Ways to Traverse a Matrix

Row-wise, Column-wise, DFS, BFS and more!

Ways to Traverse a Matrix

Introduction

Matrix is defined as a group of similar or different data values arranged in rows and columns. In programming, matrices are represented as two-dimensional arrays. They are easily one of the most heavily used data structures in the field of computer graphics and can also be used to implement network graphs.

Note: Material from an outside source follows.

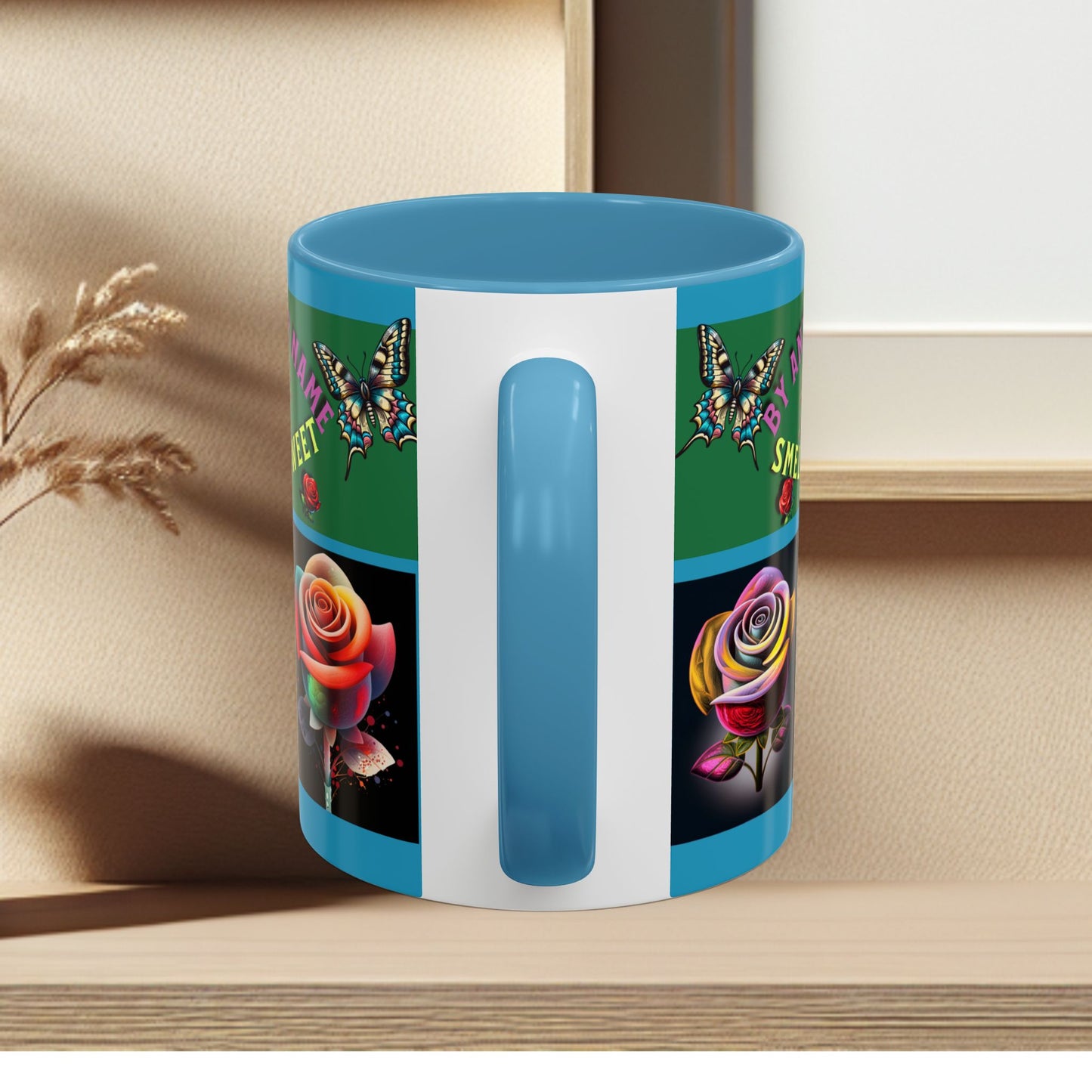 Blue Mug - Floral Butterfly Accent Coffee Mug - 'By Any Other Name A Rose Smells So Sweet'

Screenshot 2022-08-28 204208.png

A matrix can represent different sorts of data based on different scenarios and it is through this versatile use of matrices that the need for various matrix traversal methods arises. In this article, we will check out the following traversal methods:

  • Row-wise Traversal
  • Column-wise Traversal
  • Breadth First Search Traversal
  • Depth First Seach Traversal

Row-wise Traversal

In row-wise traversal, we traverse through the matrix starting from the first row, moving left to right, all the way to the last row. It is a common way to travel a matrix.

row-wise.gif

For row-wise traversal of an mxn matrix, all we need to do is to traverse m rows, each containing n elements. In the following code we iterate over an array of n elements:

for (let j = 0; j < n; j++) {
  console.log(arr[j]);
}
// arr[0], arr[1], arr[2], ... , arr[n]

Now we iterate over this code m number of times:

for (let i = 0; i < m; i++) {
  for (let j = 0; j < n; j++) {
    console.log(arr[i][j]);
  }
}
// arr[0][0], arr[0][1], ... arr[0][n],
// arr[1][0], arr[1][1], ... arr[1][n],
// .
// .
// arr[m][0], arr[m][1], ... arr[m][n]

Here is a visual representation of above-mentioned code snippets:

image.png

Column-wise Traversal

In column-wise traversal, we iterate over the matrix starting from the first column, moving top to bottom, up to the nth column.

column-wise.gif

Before we iterate an mxn matrix, let's observe values of first and second index of a single column:

Screenshot 2022-08-28 212302.png

We can traverse the above column using the following code:

for (let j = 0; j < m; j++) {
  console.log(matrix[j][0]);
}

Now we can simply loop over n columns:

for (let i = 0; i < n; i++) {
  for (let j = 0; j < m; j++) {
    console.log(matrix[j][i]);
  }
}

The following is the visual representation of the above code snippets:

Screenshot 2022-08-28 215021.png

Note: swap i - j and m - n in row traversal to get column-wise traversal.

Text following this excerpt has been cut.